While other names have been raised in the Rams’ search, sources have told Yahoo Sports there is a business component that will also factor – specifically, the plan of Rams owner Stan Kroenke to sell hundreds of millions of dollars in personal seat licenses for the new Inglewood stadium. The Rams are expected to begin that effort in force in early 2017 – not exactly an ideal launching point with the Los Angeles fan base already seeming to have grown frustrated with the team.
That pending PSL sale campaign is believed to have played at least some part in Jeff Fisher being fired during the season – allowing the franchise additional time to target coaches who will have the gravitas to once again energize the base. One source was adamant about the bottom line of Kroenke’s ledger, stating that the Rams owner is wary of running into some of the problems experienced by the San Francisco 49ers after their massive PSL sales for Levi’s Stadium. Since selling millions of dollars in PSL’s for Levi’s, the 49ers have faced an onslaught of anger from fans unhappy with the team’s plummet since the stadium opened in 2014.
Marketed as “stadium building licenses”, the 49ers essentially sold out the 68,500-seat stadium to the Bay Area fan base using pricey one-time seat premiums that ranged from $2,000 to $80,000 per seat.
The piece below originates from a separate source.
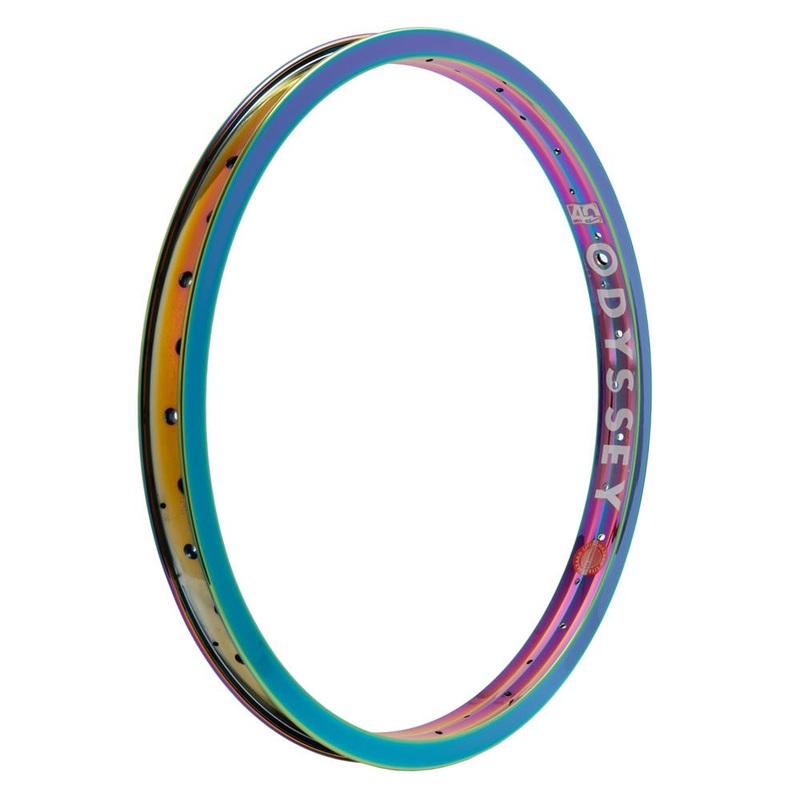 Odyssey Hazardlite Rim Oil Slick (40th Anniversary)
Fans and corporations effectively paid the one-time fee to have the option to then purchase their seats each season. The 49ers even marketed the fee as an investment opportunity, basically with a theory that the seats themselves were an investment capable of increasing in value and then being sold or transferred down the line at a profit.
At the time, the approach was seen as a smart, aggressive move to finance part of a stadium that spiraled in cost. And it worked so well that a sizable contingent of 49ers fans who couldn’t afford the entire fee were allowed to finance the purchase with the team over a period of as many as 10 years. In a way, it was something like a car loan but for NFL tickets.
Three seasons later, there have been growing complaints from those PSL purchasers who have seen the 49ers struggle significantly and the investment aspect of the seat purchases seem misguided. Worse yet for the team, there have been reports of fans defaulting on the financing for the tickets – something that was enough of a concern that members of the Santa Clara Stadium Authority have had a dialogue with the 49ers about the default rate. The 49ers have insisted the default rate on the financing has been low, but there is no way to know the exact figure without the team releasing closely guarded financial details.
All of this is food for thought for the Rams, who may be in a more significant bind than the 49ers. Not only does the Los Angeles franchise have to worry about selling the PSLs in the first place, it also has to worry about keeping fans who finance the deals from defaulting if the team isn’t competitive.
Make no mistake, all of this is in play right now. It’s not just a search for the best possible football coach for the Rams, it also appears to be the search for the most sellable coach, too. With a 4-10 team that is dealing with poor publicity and at least a partial retooling ahead, that is pointing the franchise into the direction of big names. And for now, focusing the gaze on Gruden, whose profile may be bigger now than ever before.